**TASK DIRECTIONS:** Every picture should be left out, but the lines below must be repeated exactly.
=== SUPPLIED MATERIAL ===
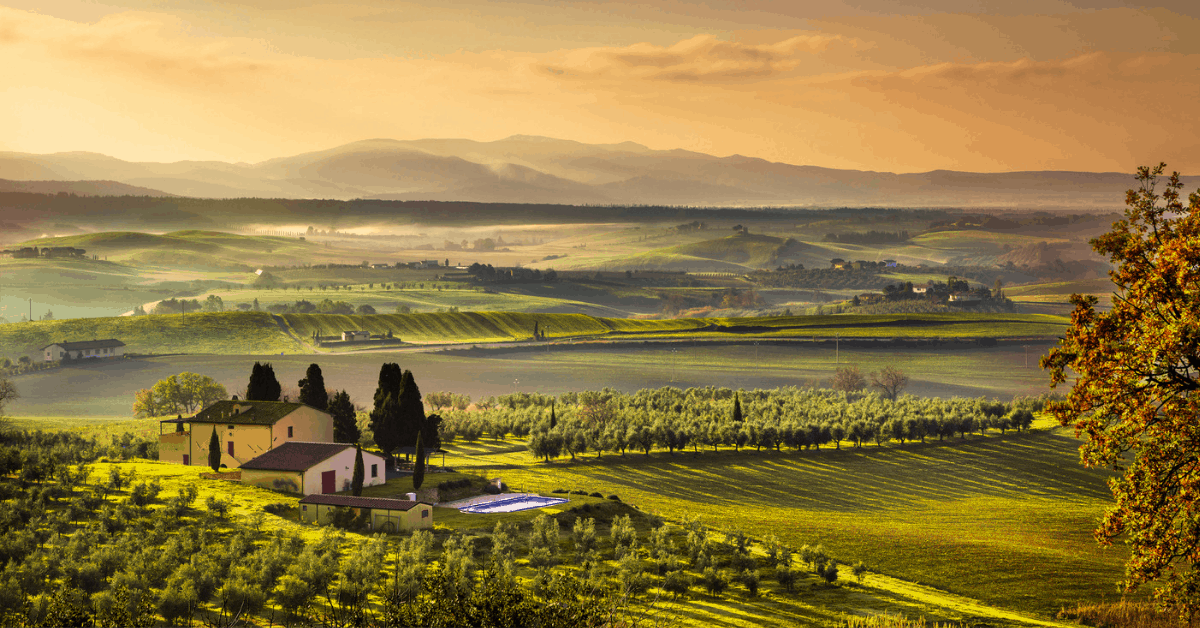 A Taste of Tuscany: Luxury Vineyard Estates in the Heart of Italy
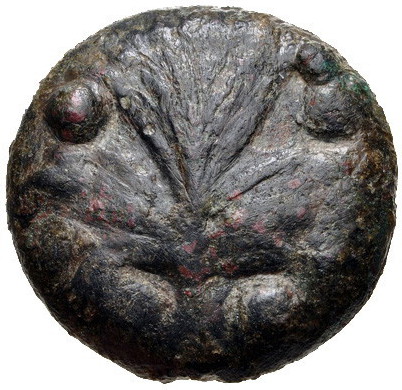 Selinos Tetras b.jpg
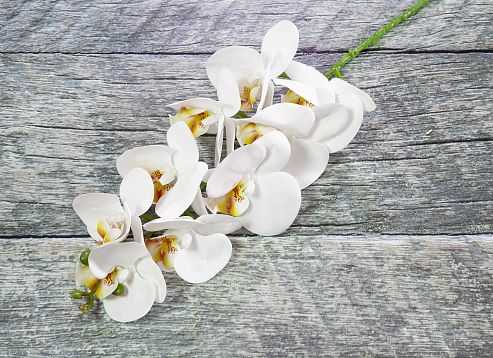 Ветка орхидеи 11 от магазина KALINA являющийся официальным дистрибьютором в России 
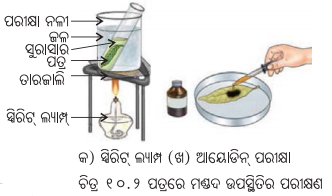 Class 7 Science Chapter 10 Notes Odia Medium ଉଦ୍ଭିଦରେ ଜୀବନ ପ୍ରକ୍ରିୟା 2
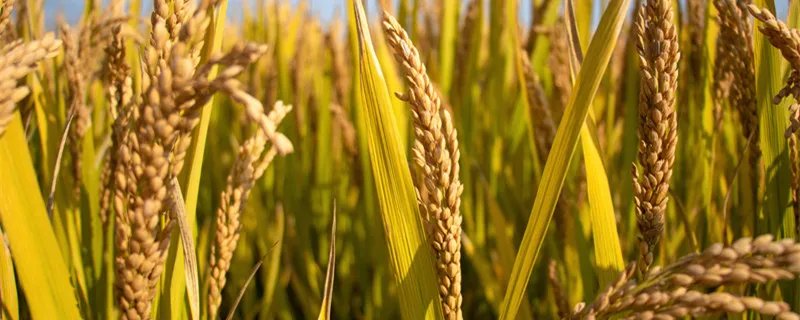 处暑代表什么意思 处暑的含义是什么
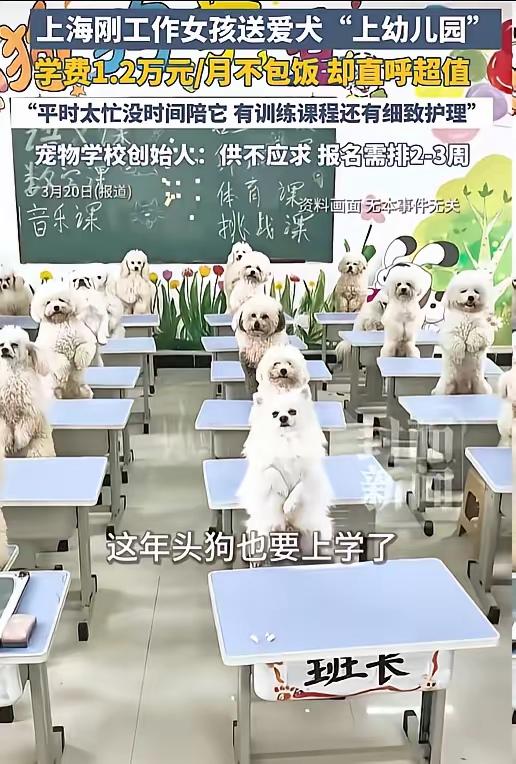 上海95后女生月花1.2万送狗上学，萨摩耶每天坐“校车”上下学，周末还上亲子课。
===
**EXERCISE RESPONSE:**
 A Taste of Tuscany: Luxury Vineyard Estates in the Heart of Italy
 Selinos Tetras b.jpg
 Ветка орхидеи 11 от магазина KALINA являющийся официальным дистрибьютором в России 
 Class 7 Science Chapter 10 Notes Odia Medium ଉଦ୍ଭିଦରେ ଜୀବନ ପ୍ରକ୍ରିୟା 2
 处暑代表什么意思 处暑的含义是什么
 上海95后女生月花1.2万送狗上学，萨摩耶每天坐“校车”上下学，周末还上亲子课。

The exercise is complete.